The task>
Begin at the line below that holds "Rongoa Maori New" and end at the line that holds "L★古着 チャンピオン champion", transcribing each line exactly and skipping any picture.

Working data>
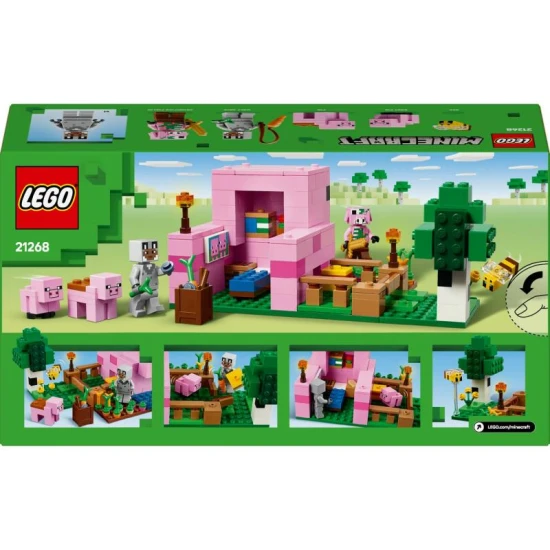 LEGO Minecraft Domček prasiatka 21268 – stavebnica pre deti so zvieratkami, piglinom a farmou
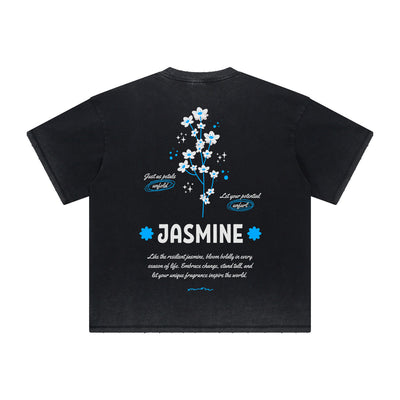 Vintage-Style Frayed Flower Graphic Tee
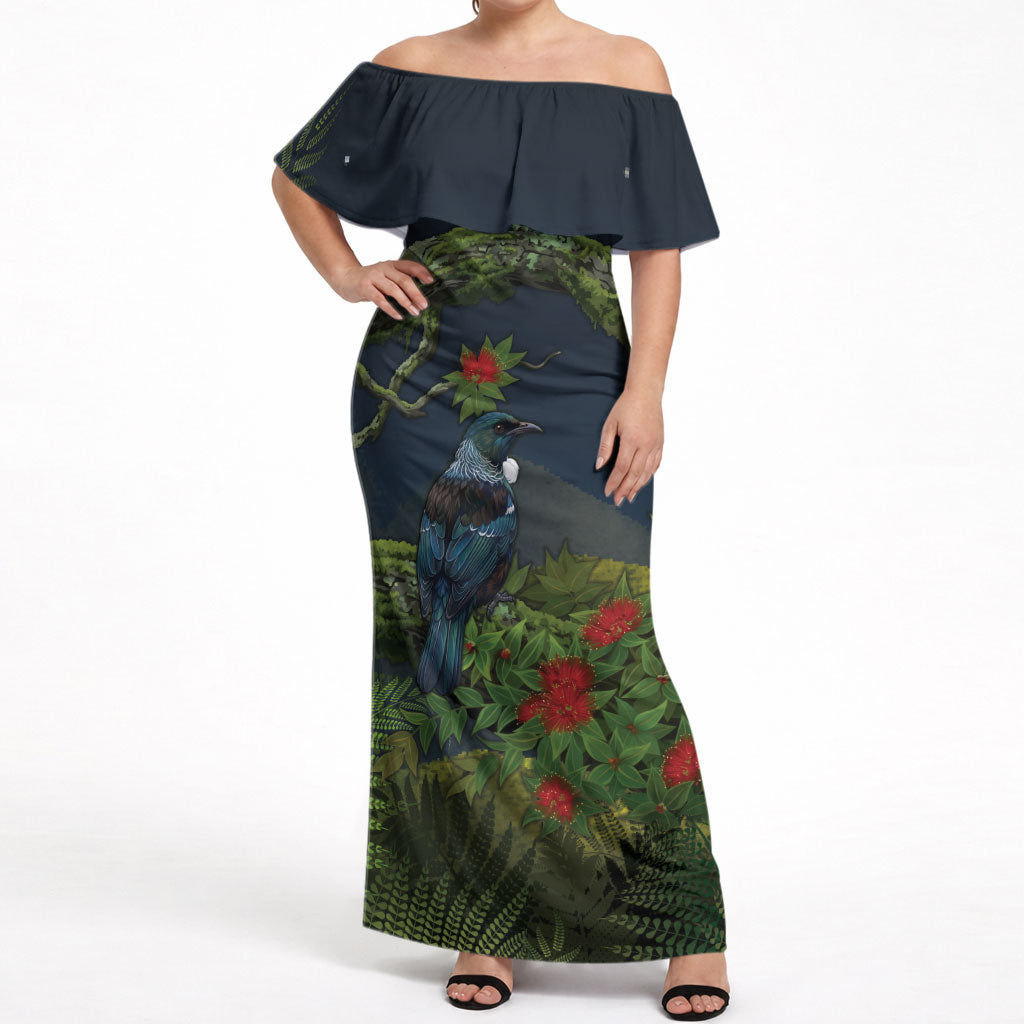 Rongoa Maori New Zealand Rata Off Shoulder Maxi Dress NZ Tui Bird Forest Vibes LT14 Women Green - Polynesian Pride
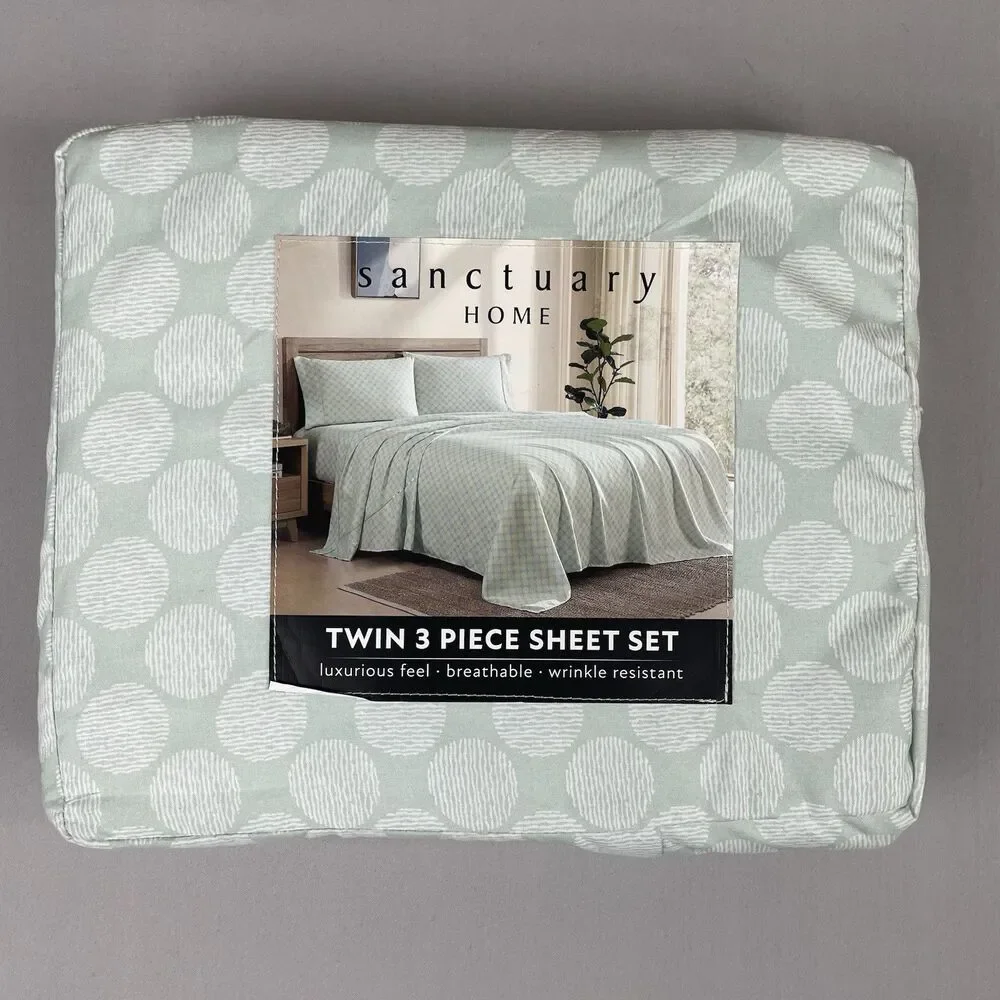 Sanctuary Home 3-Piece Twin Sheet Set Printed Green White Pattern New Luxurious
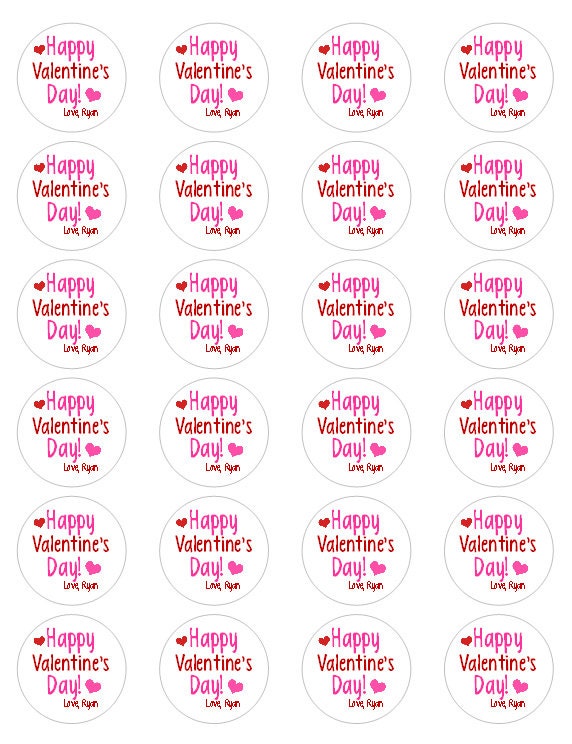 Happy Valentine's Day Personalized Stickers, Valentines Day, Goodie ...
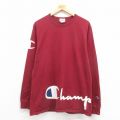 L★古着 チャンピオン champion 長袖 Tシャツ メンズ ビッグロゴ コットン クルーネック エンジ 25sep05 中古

==

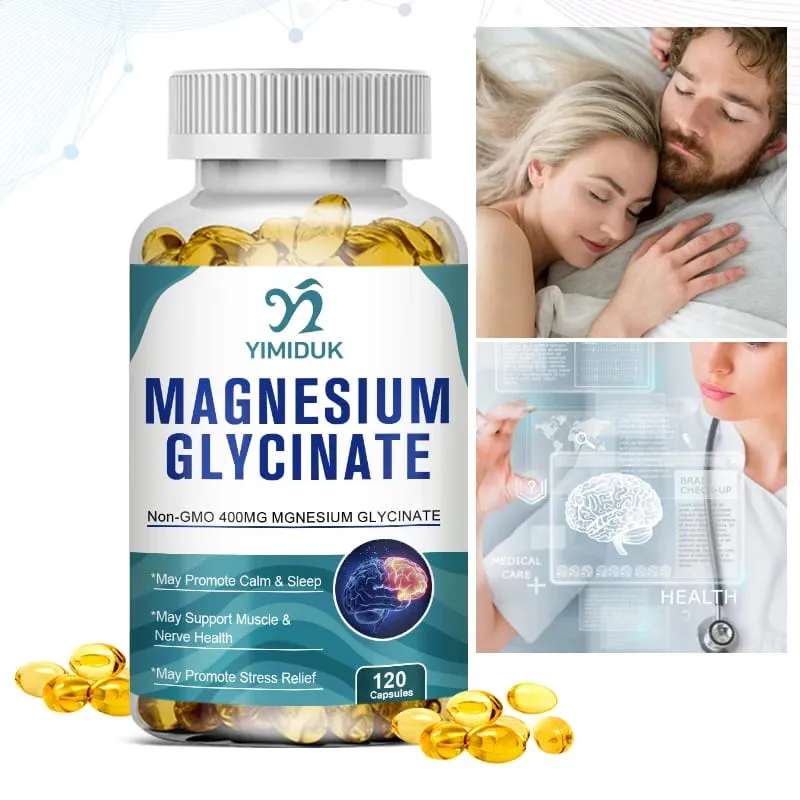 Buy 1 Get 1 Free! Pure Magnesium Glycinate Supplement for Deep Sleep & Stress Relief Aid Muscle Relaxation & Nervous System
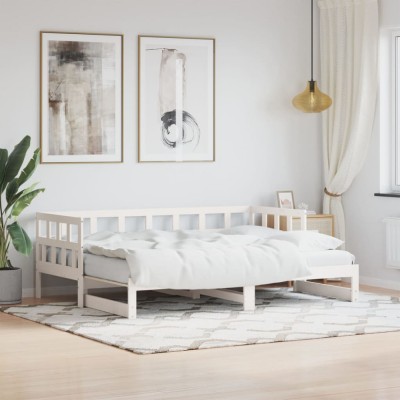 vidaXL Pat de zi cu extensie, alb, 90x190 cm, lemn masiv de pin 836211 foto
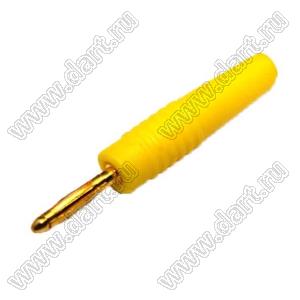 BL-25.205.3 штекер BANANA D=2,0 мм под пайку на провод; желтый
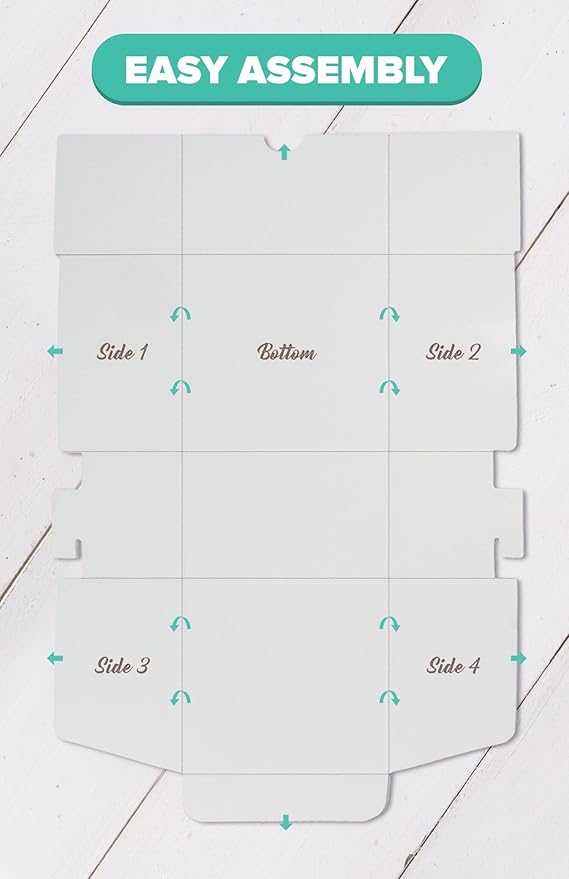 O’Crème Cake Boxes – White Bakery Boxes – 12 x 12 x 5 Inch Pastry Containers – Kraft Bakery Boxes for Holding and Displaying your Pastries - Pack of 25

* * *

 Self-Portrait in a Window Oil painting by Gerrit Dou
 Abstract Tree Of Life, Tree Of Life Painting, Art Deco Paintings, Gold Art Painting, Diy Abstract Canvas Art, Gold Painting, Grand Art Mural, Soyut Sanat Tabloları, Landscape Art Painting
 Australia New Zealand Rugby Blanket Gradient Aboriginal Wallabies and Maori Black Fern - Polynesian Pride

Answer section>
 Rongoa Maori New Zealand Rata Off Shoulder Maxi Dress NZ Tui Bird Forest Vibes LT14 Women Green - Polynesian Pride
 Sanctuary Home 3-Piece Twin Sheet Set Printed Green White Pattern New Luxurious
 Happy Valentine's Day Personalized Stickers, Valentines Day, Goodie ...
 L★古着 チャンピオン champion 長袖 Tシャツ メンズ ビッグロゴ コットン クルーネック エンジ 25sep05 中古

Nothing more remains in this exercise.